If a line in the records below contains the word "with", copy it out.

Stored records
※
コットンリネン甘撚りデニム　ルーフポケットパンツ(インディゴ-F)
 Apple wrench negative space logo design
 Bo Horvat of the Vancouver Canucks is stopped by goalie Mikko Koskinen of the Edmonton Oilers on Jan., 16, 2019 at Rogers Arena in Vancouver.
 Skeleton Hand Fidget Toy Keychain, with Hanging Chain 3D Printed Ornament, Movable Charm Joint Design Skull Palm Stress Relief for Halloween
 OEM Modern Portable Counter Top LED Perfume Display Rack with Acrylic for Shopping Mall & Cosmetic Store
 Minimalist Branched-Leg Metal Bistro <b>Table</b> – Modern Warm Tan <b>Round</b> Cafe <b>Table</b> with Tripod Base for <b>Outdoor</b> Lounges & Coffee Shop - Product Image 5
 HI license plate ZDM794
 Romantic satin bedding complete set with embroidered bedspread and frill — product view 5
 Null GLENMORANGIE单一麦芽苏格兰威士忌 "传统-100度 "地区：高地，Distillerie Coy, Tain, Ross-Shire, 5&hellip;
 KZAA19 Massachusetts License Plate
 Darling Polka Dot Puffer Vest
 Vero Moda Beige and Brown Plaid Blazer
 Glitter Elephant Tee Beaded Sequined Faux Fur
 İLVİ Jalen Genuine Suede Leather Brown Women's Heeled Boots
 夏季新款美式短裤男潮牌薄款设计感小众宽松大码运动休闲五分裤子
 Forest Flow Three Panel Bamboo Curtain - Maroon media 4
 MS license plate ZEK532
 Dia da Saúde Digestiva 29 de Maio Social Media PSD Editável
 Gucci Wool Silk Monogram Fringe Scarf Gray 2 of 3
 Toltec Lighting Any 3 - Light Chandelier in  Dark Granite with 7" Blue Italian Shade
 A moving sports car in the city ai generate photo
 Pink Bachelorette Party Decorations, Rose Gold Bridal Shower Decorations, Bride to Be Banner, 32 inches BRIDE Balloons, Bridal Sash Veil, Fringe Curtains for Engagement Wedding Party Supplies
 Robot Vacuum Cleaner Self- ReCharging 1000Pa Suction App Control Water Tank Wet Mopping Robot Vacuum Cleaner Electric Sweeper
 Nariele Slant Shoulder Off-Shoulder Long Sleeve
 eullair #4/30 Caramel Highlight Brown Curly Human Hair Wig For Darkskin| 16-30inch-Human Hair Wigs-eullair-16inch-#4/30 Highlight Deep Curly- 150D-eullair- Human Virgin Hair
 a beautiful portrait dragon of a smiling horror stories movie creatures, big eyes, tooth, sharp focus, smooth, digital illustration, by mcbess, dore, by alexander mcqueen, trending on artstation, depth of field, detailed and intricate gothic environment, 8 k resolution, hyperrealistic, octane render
※
* EXERCISE OUTPUT:
 Skeleton Hand Fidget Toy Keychain, with Hanging Chain 3D Printed Ornament, Movable Charm Joint Design Skull Palm Stress Relief for Halloween
 OEM Modern Portable Counter Top LED Perfume Display Rack with Acrylic for Shopping Mall & Cosmetic Store
 Minimalist Branched-Leg Metal Bistro <b>Table</b> – Modern Warm Tan <b>Round</b> Cafe <b>Table</b> with Tripod Base for <b>Outdoor</b> Lounges & Coffee Shop - Product Image 5
 Romantic satin bedding complete set with embroidered bedspread and frill — product view 5
 Toltec Lighting Any 3 - Light Chandelier in  Dark Granite with 7" Blue Italian Shade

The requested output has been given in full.